◆ WHAT YOU WILL DO ◆
Within the listing below, please copy exactly the lines between the line holding "When to replace dental crowns" and the line holding "Jerawat dikepala bayi", inclusive.

◆ LISTED ENTRIES ◆

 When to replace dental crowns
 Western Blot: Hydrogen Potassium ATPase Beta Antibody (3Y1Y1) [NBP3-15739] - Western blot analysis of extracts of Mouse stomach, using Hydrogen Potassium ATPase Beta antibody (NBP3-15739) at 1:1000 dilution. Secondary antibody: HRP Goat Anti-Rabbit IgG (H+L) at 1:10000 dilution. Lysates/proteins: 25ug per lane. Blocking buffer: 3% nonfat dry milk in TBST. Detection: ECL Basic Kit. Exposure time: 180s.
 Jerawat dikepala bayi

---

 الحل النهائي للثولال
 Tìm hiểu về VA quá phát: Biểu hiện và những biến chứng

◆ WRITTEN SOLUTION ◆
 When to replace dental crowns
 Western Blot: Hydrogen Potassium ATPase Beta Antibody (3Y1Y1) [NBP3-15739] - Western blot analysis of extracts of Mouse stomach, using Hydrogen Potassium ATPase Beta antibody (NBP3-15739) at 1:1000 dilution. Secondary antibody: HRP Goat Anti-Rabbit IgG (H+L) at 1:10000 dilution. Lysates/proteins: 25ug per lane. Blocking buffer: 3% nonfat dry milk in TBST. Detection: ECL Basic Kit. Exposure time: 180s.
 Jerawat dikepala bayi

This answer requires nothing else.